This article discusses the fact that taxation has a multiplier defect, just as government spending has a multiplier effect. Once this is brought into a coherent macroeconomic model, the magical relative benefit of government spending compared to private spending vanishes.
In the standard narrative when government spends money it can proceed to be used in one of two ways; spent or saved by consumers. Of the portion saved, the story goes, it will be lent by banks to the maximum possible. This would be 100% except thank our good government for regulating the banks with a reserve requirement. So the banks will lend 1 – RR. Then the lent portion will be spent by businesses, therefore becoming an income to people. Now we are back at step 1. The people will consume or save. If consumed it becomes an income and as we head through the infinite steps which happen, eventually everything becomes savings held as reserves and this is supposedly the mechanism which ends money creation.
In the first place I could criticize this for being an entirely false story. Foreign currency or loans could be employed if reserves force monetary stagnation in a place. Bitcoin is an example of a currency with no central bank or policy structure to create or enforce reserves in the first place. Lastly, banks certainly do not lend out to their maximum ability. They lend out depending on the availability of good loans to make. Lending, like all business, is opportunity-driven. A dump of cash into the system will produce only a marginal increase of questionable lending, it will not magically produce genuine smart investment opportunities. A flush of smart investment opportunities, however, will lead to a jump in money creation – whether it violates the reserve requirement or not. Bankers are smarter than that.

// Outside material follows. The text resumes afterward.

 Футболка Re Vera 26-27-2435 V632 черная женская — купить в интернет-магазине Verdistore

In the second place I should criticize it for being an incomplete story. Where did government get the money which it spends? From taxes. Yes, I am including the ability to print money in as a tax because I consider, as many do, inflation to be a tax.
Taxes have a multiplier defect. If I had not been taxed a dollar I would have spent or saved it. If I had spent it then it would have become income for someone else who would have spent or saved it. Eventually it would have gotten saved and the bank, supposedly, would pursue its course of lending. By the standard story this would produce a multiplier effect equal to 1/RR, which is the same as the government spending multiplier. It may be harder to detect with inflationary tax, but we have no reason to suspect that the final value of impact would be any different.

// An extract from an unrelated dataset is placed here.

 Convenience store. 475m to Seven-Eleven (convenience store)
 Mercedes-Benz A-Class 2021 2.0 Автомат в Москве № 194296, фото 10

In conclusion, once we realize that taxation has a multiplier defect equal to the multiplier effect of government spending, government spending no longer looks like a magical source of economic prosperity. This new conception better reflects our empirical observation that a lassaiz faire economy is more productive. Now once we consider even just a few more facts, which we will do in other articles, we will realize that government spending represents not a neutral reallocation, but a significant opportunity cost, compared to the choices made in an untreated market.